In Taiwan, Dalai Lama Disputes China's Claims

August 31st 2009

Jia Shi'an, Taiwan, 31 August 2009 (CNN) - The Dalai Lama -- on a visit to Taiwan that includes prayers for recent typhoon victims -- has rebutted China's claims that he is there for political reasons.

In a Monday interview with CNN's Sara Sidner, the Tibetan spiritual leader said he was visiting the island to comfort victims of Typhoon Morakot. He added that he would not meet Taiwan's President Ma Ying-jeou, to avoid politicizing the trip.

The Dalai Lama visits the typhoon-hit village of Hsiaolin, in Kaohsiung county, southern Taiwan on Monday.

The Dalai Lama visits the typhoon-hit village of Hsiaolin, in Kaohsiung county,southern Taiwan on Monday.

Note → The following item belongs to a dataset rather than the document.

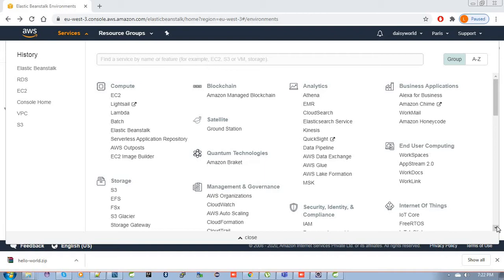Elastic Beanstalk gives us a platform as a service so that we don't need to worry about server configuration, as well as how to scale our application and how to balance our load on the server. Everything is maintained by Elastic Beanstalk. It's very easy to deploy and scale our web application in different languages like Java, Python, .NET, Node.js, and so forth, with different servers like Apache and Nginx.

"As soon as I received the invitation, I know there's some complications maybe. But it is my sort of moral responsibility to come and to see, show my face, to those people who are passing through a difficult period," he said.

The Dalai Lama was in southern Taiwan on Monday to meet and pray with survivors of the disaster, a day after he arrived from India. Morakot caused heavy flooding in the south and killed more than 500 people when it struck August 8.

"As a Buddhist monk, it is my moral principle to go there, see them and at least share some of their sorrow, some of their sadness," he told CNN shortly after he arrived on Sunday.

China's state-run Xinhua news agency said Sunday that Beijing maintained "resolute opposition" to the visit, which it said "is bound to have a negative influence on the relations between the mainland and Taiwan."

"We will keep a close eye on the situation," Xinhua quoted an unnamed spokesman for the government's Taiwan Affairs Office as saying.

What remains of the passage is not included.